Tuesday, 12 April 2011

"There is a set of Fs" implies only logical truths

Nominalists and anti-nominalists disagree about whether there are, for example, sets of things, where the things in question may be "concrete". The sentence "there is a set of chairs" is an example of a mixed mathematical claim. It uses the (presumably) non-mathematical predicate "x is a chair" as the defining formula $\varphi(x)$ in an instance of the Comprehension Scheme:
  • $\exists y \forall x(x\in y \leftrightarrow \varphi(x))$
The sentence "there is a set of chairs" cannot be true if there are no sets. So, a nominalist will conclude that instances of comprehension are not true. Even so, the nominalist, like everyone else, will want to employ such sentences in their reasoning. How is this justified? Hartry Field (1980: Science Without Numbers) argued that the justification of the use of such (believed-to-be-untrue) sentences in reasoning involves their conservativeness. Unrestricted comprehension is, of course, inconsistent. For replacing $\varphi(x)$ with $x \notin x$ yields:
  • $\exists y \forall x(x\in y \leftrightarrow x \notin x)$
which is inconsistent. (Russell's Paradox.) However, there are restricted classes of instances of comprehension which are consistent. In particular, the class of instances of comprehension where $\varphi(x)$ contains non-mathematical vocabulary. Suppose that we call sentences containing only "concrete" predicates nom-sentences; call instances of the Comprehension Scheme using only nom-formulas comp-axioms. The simplest relevant conservativeness result says:
  • If there is a derivation of a nom-sentence $B$ from a comp-axiom, there is also a derivation of $B$ from logic.
Unfortunately, the literature on this topic is quite difficult, and there are a number of different results and a number of different kinds of proofs.

Here is the simplest proof of the simplest kind of conservativeness result which will give a flavour of why comprehension axioms are conservative. We consider the simplest scenario: the nom-language $\mathcal{L}$ is a first-order language (with identity) and has only a single unary concrete predicate $Fx$ and we consider the simplest comp-axiom, $\exists y \forall x(Rxy \leftrightarrow Fx)$, where we write $Rxy$ to mean "x is an element of y". The conservativeness result now is: for any $\mathcal{L}$-sentence $B$,
  • $ \text{If } \exists y \forall x(Rxy \leftrightarrow Fx) \vdash B \text{ then } \vdash B$.
Here is a proof which shows how to convert a derivation of $B$ from $\exists y \forall x(Rxy \leftrightarrow Fx)$ to a derivation of $B$ entirely in logic.
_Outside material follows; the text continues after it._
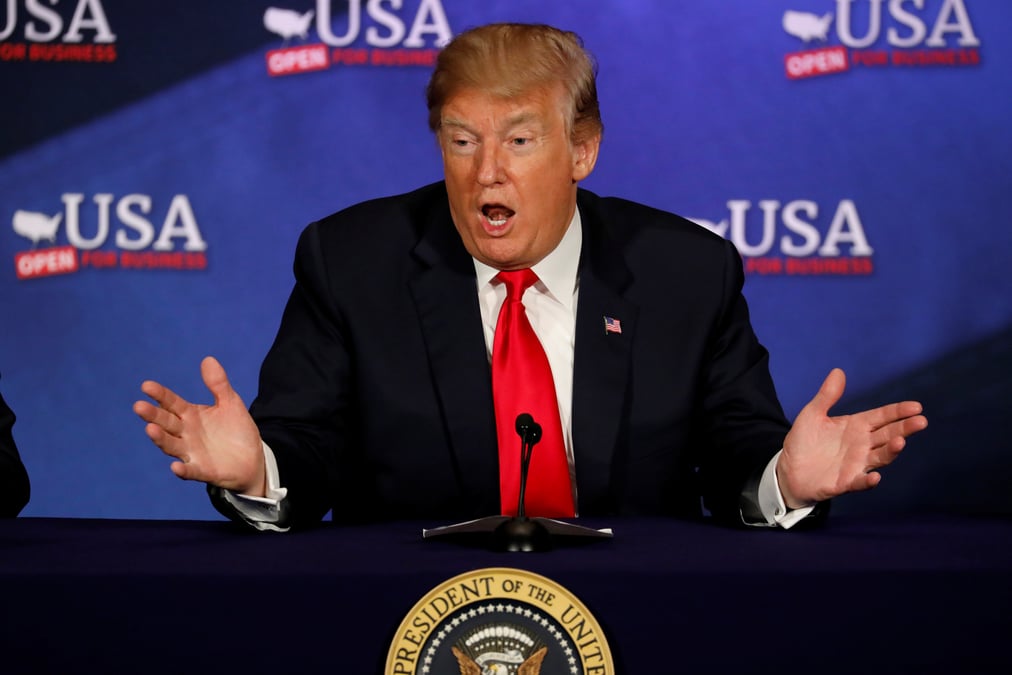 Attentats: trump doit revenir sur ses propos, estime le maire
I will assume a Hilbert-style deductive system with linear derivations, some bunch of axiom schemes and the single rule Modus Ponens.

First, note that, in general, if $\exists y \varphi(y) \vdash B$, then $\varphi(y/c) \vdash B$ (where $c$ is a new constant: it is skolem constant). So, it will be sufficient to show that we can do this given a derivation $(P_0, P_1, ..., P_n)$ of $B$ from $\forall x(Rxc \leftrightarrow Fx)$. Let $\mathcal{L}(c)$ be the result of extending $\mathcal{L}$ with the new constant $c$. The main idea of the proof is that the assumption $\forall x(Rxc \leftrightarrow Fx)$ looks just like a "definition" of $Rxc$. So, the plan is to consider each formula $P_i$ in the derivation, and replace any occurrence of $Rt_1t_2$ in $P_i$ by $Ft_1 \wedge t_2 = c$ (where $t_1, t_2$ are terms). This replacement therefore eliminates the symbol $R$ (i.e., the membership predicate). Let $(P_i)^{\circ}$ be the result of making this replacement.

From the definition of "derivation", each $P_i$ is either an axiom of logic, or is the assumption formula $\forall x(Rxc \leftrightarrow Fx)$, or is obtained by Modus Ponens on previous formulas. The hope is that, after the replacements, the new sequence of formulas $((P_0)^{\circ}, ..., (P_n)^{\circ})$ is, "more or less", a derivation of B in logic.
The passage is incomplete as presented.